Desprovisto de to­dos los re­mien­dos or­ques­ta­les, sal­vo al­gún des­te­llo de vio­li­nes pun­tual, que tien­den a po­blar su mú­si­ca nos en­con­tra­mos aquí un Callahan más so­brio, más in­tros­pec­ti­vo, re­tra­tán­do­nos to­do lo que hay de du­ro y en­can­ta­dor en la vi­da. Este via­je de auto-conocimiento ale­ja­do de las ca­rre­te­ras del de­sier­to y muy cer­ca de los la­zos que se crean en co­mu­ni­dad nos va des­gra­nan­do el co­mo se en­fren­ta con la co­ti­dia­ni­dad de la vi­da; co­mo acep­ta los mi­cro apo­ca­lip­sis exis­ten­cia­les que nos im­po­ne la so­cie­dad. Aquí no hay va­lo­res uni­ver­sa­les, que ten­gan un au­tén­ti­co va­lor en el co­ra­zón de un hom­bre bueno, pues só­lo en­con­tra­rán el gri­to deses­pe­ra­do de la ins­ti­tu­cio­na­li­za­ción de to­dos aque­llos va­lo­res edi­fi­can­tes. Por ello no nos ha­bla de amor, nos ha­bla del sa­cri­fi­cio del ma­tri­mo­nio, y tam­po­co nos ha­bla de jus­ti­cia, sino que nos ha­bla del ca­rác­ter egoís­ta de la gue­rra; re­tra­ta la so­cie­dad con­tem­po­rá­nea ‑aun cuan­do sa­be que siem­pre fue así- co­mo un lu­gar de so­le­dad pa­ra el ser cre­pus­cu­lar que vi­ve en tan­to por sus idea­les, sean cua­les sean es­tos, con­ver­ti­dos en he­rra­mien­tas de con­trol y ex­clu­sión so­cial. Pero no in­ten­ta huir ha­cia un pa­sa­do que, sa­be, en reali­dad ja­más exis­tió, si­gue ade­lan­te hu­yen­do de to­do aque­llo que le ha­ce ins­tau­rar­se co­mo una en­ti­dad pa­sa­da que só­lo pue­de vi­vir a tra­vés de un fé­rreo con­trol de sus de­seos. El apo­ca­lip­sis es el eterno re­torno de to­do aque­llo que nos in­ten­ta so­me­ter con los gri­lle­tes fan­tas­ma­les de la con­di­ción ne­ce­sa­ria.

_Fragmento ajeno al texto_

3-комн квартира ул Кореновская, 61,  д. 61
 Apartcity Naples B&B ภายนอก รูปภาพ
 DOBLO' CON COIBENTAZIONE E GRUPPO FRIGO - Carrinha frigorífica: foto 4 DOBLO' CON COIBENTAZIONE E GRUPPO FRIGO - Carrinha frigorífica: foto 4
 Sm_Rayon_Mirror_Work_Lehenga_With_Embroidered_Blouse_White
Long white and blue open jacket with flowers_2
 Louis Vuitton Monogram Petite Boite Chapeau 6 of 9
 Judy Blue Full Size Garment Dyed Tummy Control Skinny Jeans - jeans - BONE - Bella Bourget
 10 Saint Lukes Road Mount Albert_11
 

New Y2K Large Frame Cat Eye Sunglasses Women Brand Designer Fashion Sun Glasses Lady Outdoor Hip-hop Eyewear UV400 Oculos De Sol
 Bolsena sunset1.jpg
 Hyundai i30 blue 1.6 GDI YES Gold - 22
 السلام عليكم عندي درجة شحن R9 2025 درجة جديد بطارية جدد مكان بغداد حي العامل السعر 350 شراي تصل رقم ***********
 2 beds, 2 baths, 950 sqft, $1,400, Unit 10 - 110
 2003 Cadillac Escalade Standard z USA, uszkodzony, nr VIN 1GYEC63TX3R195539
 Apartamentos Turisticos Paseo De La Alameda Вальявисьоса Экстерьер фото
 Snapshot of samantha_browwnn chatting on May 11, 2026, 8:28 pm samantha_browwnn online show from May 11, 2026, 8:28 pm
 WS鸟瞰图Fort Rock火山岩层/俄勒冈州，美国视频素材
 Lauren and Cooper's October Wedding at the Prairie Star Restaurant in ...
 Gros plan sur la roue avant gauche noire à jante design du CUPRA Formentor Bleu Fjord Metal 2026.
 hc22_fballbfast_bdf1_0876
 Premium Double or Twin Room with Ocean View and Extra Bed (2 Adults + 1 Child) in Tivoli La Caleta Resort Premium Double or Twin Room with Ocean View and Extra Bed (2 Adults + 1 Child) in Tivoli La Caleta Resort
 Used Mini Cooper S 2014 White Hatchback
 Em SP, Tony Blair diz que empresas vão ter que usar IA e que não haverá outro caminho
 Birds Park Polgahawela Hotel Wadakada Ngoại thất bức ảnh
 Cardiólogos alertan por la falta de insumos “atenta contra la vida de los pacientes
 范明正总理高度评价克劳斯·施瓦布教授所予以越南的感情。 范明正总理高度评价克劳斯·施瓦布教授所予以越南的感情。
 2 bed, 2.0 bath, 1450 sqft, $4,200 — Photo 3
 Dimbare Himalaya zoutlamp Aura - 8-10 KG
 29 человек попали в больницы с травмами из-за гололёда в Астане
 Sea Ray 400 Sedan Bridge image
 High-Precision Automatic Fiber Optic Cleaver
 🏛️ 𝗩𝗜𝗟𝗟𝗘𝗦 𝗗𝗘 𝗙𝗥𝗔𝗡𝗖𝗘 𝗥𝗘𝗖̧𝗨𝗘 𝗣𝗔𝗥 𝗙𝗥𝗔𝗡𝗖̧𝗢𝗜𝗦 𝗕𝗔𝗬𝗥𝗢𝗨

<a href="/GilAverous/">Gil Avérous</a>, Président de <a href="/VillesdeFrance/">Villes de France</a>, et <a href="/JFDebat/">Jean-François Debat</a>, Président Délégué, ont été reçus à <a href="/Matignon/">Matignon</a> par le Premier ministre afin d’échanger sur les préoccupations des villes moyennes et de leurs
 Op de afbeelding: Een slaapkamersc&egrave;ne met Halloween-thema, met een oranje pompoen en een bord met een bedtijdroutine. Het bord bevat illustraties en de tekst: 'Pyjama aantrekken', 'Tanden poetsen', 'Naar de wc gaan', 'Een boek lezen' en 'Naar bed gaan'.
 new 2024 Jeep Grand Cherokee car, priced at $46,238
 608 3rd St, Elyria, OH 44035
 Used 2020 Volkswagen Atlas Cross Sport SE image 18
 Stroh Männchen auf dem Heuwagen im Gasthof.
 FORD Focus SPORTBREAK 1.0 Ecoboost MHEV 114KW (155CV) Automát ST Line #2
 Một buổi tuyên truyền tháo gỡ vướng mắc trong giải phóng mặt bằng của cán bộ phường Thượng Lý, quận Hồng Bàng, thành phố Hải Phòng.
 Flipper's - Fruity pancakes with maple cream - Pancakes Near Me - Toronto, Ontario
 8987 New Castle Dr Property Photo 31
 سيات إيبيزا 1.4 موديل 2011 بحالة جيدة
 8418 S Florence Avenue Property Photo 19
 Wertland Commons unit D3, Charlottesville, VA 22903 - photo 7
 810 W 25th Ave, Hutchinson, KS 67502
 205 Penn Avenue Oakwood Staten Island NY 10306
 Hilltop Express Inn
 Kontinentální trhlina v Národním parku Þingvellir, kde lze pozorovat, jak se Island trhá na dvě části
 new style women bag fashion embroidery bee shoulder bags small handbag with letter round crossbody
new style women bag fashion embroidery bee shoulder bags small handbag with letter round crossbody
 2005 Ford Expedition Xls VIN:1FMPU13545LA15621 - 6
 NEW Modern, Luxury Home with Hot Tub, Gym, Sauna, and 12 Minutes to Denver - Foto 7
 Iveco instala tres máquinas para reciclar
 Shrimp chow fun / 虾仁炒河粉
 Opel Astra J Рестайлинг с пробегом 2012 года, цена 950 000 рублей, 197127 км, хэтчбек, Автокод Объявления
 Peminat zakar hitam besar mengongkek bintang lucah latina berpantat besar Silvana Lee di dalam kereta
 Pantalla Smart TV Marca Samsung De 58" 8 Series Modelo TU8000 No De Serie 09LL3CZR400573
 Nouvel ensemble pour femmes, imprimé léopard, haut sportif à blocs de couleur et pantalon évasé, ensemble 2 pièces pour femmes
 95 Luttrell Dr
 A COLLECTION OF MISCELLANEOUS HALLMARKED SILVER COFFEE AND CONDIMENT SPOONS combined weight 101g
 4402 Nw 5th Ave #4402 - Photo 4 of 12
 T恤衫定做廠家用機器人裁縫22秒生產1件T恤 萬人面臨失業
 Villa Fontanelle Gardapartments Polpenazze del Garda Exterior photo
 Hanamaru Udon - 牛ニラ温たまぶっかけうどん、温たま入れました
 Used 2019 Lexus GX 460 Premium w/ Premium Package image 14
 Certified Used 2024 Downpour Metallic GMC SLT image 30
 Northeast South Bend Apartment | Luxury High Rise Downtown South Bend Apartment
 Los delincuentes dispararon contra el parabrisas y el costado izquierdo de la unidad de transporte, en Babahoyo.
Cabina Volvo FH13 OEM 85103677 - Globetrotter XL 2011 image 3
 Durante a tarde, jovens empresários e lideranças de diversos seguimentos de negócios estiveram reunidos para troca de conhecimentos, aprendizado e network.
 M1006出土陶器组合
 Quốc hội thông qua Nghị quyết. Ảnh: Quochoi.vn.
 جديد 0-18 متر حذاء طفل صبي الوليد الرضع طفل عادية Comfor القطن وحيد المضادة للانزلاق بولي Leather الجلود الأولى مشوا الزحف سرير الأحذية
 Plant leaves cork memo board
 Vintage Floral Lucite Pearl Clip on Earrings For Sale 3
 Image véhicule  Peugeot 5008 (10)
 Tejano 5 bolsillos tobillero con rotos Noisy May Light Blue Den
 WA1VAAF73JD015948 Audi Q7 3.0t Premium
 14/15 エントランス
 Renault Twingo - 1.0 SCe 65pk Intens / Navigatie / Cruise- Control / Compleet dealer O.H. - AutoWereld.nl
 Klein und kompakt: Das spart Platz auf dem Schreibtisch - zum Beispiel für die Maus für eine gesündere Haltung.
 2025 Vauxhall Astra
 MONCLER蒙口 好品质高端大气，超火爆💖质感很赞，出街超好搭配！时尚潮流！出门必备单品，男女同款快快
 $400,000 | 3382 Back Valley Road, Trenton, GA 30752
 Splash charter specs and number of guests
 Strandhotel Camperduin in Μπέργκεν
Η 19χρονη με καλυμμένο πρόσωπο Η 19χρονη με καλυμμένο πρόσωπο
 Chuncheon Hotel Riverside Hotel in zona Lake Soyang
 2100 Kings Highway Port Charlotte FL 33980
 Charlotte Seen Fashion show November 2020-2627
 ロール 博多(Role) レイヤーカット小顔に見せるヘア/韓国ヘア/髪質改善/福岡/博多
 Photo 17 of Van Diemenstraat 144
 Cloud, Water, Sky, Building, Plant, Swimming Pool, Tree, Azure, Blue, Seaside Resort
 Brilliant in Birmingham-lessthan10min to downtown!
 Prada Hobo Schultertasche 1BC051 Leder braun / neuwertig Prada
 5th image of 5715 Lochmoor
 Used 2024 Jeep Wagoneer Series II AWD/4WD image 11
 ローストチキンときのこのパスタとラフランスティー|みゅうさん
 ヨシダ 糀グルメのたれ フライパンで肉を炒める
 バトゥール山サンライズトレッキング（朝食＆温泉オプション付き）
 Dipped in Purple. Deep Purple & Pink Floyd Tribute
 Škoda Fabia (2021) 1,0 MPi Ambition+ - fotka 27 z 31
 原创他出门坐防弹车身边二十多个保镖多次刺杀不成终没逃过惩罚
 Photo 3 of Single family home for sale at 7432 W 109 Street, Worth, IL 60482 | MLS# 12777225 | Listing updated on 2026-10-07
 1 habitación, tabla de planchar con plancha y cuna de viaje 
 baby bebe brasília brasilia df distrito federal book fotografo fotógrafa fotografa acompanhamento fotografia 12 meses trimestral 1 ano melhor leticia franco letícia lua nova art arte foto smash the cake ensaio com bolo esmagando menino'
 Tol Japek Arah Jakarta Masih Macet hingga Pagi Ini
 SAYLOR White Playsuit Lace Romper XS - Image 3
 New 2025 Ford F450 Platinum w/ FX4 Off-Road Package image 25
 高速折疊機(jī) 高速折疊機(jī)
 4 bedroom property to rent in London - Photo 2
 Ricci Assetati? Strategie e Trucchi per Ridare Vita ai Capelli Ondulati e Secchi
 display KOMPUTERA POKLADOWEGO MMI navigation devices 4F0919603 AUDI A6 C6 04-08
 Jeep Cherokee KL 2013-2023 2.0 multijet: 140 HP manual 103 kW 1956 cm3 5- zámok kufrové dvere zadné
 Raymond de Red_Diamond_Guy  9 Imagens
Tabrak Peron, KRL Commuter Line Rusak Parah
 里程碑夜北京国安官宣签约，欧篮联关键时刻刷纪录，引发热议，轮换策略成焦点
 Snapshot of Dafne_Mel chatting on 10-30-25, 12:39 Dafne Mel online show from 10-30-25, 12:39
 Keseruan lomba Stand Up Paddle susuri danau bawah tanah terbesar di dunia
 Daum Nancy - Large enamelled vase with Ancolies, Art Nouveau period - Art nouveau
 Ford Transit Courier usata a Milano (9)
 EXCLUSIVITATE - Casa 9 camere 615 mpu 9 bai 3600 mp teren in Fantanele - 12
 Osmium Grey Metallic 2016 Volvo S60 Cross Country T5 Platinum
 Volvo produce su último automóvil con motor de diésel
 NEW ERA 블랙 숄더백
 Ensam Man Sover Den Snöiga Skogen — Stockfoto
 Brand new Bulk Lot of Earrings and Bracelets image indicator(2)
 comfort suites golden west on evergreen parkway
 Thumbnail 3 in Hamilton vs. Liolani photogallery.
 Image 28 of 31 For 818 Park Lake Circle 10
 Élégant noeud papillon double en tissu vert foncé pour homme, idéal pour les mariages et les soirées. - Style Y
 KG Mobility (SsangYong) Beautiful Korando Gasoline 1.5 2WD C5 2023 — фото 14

Entre to­da es­ta ra­bia y re­sen­ti­mien­to con­tra la so­cie­dad nos de­ja a so­las con la vi­sión de nues­tras ca­de­nas, nues­tros flu­jos mo­le­cu­la­res, que nos con­di­cio­nan ha­cia el fu­nes­to pasado-presente del cual el nos na­rra su eter­na hui­da. Pero nun­ca es tar­de pa­ra co­men­zar una hui­da eter­na, ¿que­rrás co­ger tu ca­ba­llo y acom­pa­ñar­me en un via­je con­ti­nuo ha­cia nin­gu­na par­te? Pero el do­lor y la frus­tra­ción, no es mía / per­te­ne­ce a la ga­na­de­ría, a tra­vés del valle.